= WORK TASK =
Starting at the line that contains "Najlepsze damskie zamszowe" in the listing below, write out every line word for word until you have written the line that contains "different nations. Prime".

= WORKING DATA =
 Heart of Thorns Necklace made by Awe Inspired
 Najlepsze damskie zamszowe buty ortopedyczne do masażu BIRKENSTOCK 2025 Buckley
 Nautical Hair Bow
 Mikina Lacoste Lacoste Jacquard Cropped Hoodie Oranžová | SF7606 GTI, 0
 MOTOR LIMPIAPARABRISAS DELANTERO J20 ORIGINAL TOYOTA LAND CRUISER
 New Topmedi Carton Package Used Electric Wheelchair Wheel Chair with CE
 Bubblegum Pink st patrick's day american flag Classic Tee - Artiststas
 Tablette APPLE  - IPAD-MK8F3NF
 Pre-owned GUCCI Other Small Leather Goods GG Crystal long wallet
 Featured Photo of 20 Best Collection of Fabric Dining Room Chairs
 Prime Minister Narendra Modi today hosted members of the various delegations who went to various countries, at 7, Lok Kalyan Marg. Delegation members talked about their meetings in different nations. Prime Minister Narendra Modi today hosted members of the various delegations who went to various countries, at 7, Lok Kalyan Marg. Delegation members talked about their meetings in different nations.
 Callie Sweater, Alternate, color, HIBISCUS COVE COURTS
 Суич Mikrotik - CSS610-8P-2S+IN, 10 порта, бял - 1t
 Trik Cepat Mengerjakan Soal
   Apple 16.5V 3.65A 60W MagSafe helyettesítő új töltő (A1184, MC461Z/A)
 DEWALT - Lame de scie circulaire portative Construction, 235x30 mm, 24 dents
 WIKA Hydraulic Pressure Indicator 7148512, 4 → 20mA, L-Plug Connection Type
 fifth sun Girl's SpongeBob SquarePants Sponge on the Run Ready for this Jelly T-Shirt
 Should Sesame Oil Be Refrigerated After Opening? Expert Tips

= EXPECTED OUTPUT =
 Najlepsze damskie zamszowe buty ortopedyczne do masażu BIRKENSTOCK 2025 Buckley
 Nautical Hair Bow
 Mikina Lacoste Lacoste Jacquard Cropped Hoodie Oranžová | SF7606 GTI, 0
 MOTOR LIMPIAPARABRISAS DELANTERO J20 ORIGINAL TOYOTA LAND CRUISER
 New Topmedi Carton Package Used Electric Wheelchair Wheel Chair with CE
 Bubblegum Pink st patrick's day american flag Classic Tee - Artiststas
 Tablette APPLE  - IPAD-MK8F3NF
 Pre-owned GUCCI Other Small Leather Goods GG Crystal long wallet
 Featured Photo of 20 Best Collection of Fabric Dining Room Chairs
 Prime Minister Narendra Modi today hosted members of the various delegations who went to various countries, at 7, Lok Kalyan Marg. Delegation members talked about their meetings in different nations. Prime Minister Narendra Modi today hosted members of the various delegations who went to various countries, at 7, Lok Kalyan Marg. Delegation members talked about their meetings in different nations.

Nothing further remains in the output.